Requirement
Only the lines below starting at the one that contains "CHALECO PROFESIONAL CON" and ending at the one that contains "Chic Antique Teelichthalter-Teelichthalter" are to be reproduced, exactly and with both ends kept.

[Source records]

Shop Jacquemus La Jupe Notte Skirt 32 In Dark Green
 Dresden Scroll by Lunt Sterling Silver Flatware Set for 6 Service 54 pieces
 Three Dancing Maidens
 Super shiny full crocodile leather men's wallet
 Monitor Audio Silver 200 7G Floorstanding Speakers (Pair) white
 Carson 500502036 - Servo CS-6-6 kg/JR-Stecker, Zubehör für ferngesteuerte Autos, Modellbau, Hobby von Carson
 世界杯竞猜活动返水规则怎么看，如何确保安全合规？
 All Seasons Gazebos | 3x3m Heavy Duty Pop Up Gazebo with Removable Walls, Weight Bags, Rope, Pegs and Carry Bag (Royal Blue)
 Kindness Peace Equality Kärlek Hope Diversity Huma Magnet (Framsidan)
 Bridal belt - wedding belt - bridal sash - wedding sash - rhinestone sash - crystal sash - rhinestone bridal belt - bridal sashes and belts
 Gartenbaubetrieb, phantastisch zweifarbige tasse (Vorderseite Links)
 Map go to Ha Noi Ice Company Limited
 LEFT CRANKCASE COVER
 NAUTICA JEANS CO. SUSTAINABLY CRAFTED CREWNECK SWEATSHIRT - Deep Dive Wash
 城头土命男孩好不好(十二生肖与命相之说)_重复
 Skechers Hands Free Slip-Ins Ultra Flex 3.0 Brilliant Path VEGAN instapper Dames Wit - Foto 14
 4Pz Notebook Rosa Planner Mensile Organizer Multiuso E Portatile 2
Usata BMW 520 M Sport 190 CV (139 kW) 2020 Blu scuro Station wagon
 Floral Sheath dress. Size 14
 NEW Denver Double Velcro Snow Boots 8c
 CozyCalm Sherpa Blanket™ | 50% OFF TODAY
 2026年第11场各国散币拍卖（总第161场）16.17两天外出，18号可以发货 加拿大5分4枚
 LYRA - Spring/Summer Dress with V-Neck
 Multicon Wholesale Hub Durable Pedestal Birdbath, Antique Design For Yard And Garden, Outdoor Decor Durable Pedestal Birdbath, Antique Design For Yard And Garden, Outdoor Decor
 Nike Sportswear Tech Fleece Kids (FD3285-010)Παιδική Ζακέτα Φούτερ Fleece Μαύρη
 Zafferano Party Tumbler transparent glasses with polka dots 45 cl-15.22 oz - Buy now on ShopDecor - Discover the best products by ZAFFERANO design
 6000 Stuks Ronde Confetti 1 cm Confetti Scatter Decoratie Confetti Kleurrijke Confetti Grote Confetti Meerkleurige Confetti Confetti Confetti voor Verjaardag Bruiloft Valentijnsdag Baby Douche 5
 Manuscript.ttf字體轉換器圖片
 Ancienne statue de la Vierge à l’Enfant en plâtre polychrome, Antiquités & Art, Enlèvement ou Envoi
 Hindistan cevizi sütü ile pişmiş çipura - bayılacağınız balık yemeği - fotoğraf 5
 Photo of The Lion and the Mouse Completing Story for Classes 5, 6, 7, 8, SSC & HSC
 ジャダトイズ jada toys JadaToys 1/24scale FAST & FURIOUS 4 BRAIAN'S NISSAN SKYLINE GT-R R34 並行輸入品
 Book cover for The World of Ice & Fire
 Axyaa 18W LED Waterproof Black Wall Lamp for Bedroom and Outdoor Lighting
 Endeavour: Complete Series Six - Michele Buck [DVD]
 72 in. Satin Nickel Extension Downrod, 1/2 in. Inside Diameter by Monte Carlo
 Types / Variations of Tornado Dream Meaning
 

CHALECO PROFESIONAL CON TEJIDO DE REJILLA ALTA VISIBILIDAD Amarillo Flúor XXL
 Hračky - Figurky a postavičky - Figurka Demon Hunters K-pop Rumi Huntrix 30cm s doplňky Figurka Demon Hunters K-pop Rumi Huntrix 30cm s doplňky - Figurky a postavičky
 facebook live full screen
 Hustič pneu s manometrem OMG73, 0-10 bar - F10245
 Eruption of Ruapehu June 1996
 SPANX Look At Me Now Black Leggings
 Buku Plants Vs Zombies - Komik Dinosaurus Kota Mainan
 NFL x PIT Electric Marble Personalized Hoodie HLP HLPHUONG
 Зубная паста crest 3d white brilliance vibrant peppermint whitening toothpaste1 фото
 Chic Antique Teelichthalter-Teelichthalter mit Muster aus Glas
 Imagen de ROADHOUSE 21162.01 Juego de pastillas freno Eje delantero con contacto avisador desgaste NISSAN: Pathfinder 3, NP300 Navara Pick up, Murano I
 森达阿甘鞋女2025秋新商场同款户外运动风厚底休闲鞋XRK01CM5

Answer for this exercise
CHALECO PROFESIONAL CON TEJIDO DE REJILLA ALTA VISIBILIDAD Amarillo Flúor XXL
 Hračky - Figurky a postavičky - Figurka Demon Hunters K-pop Rumi Huntrix 30cm s doplňky Figurka Demon Hunters K-pop Rumi Huntrix 30cm s doplňky - Figurky a postavičky
 facebook live full screen
 Hustič pneu s manometrem OMG73, 0-10 bar - F10245
 Eruption of Ruapehu June 1996
 SPANX Look At Me Now Black Leggings
 Buku Plants Vs Zombies - Komik Dinosaurus Kota Mainan
 NFL x PIT Electric Marble Personalized Hoodie HLP HLPHUONG
 Зубная паста crest 3d white brilliance vibrant peppermint whitening toothpaste1 фото
 Chic Antique Teelichthalter-Teelichthalter mit Muster aus Glas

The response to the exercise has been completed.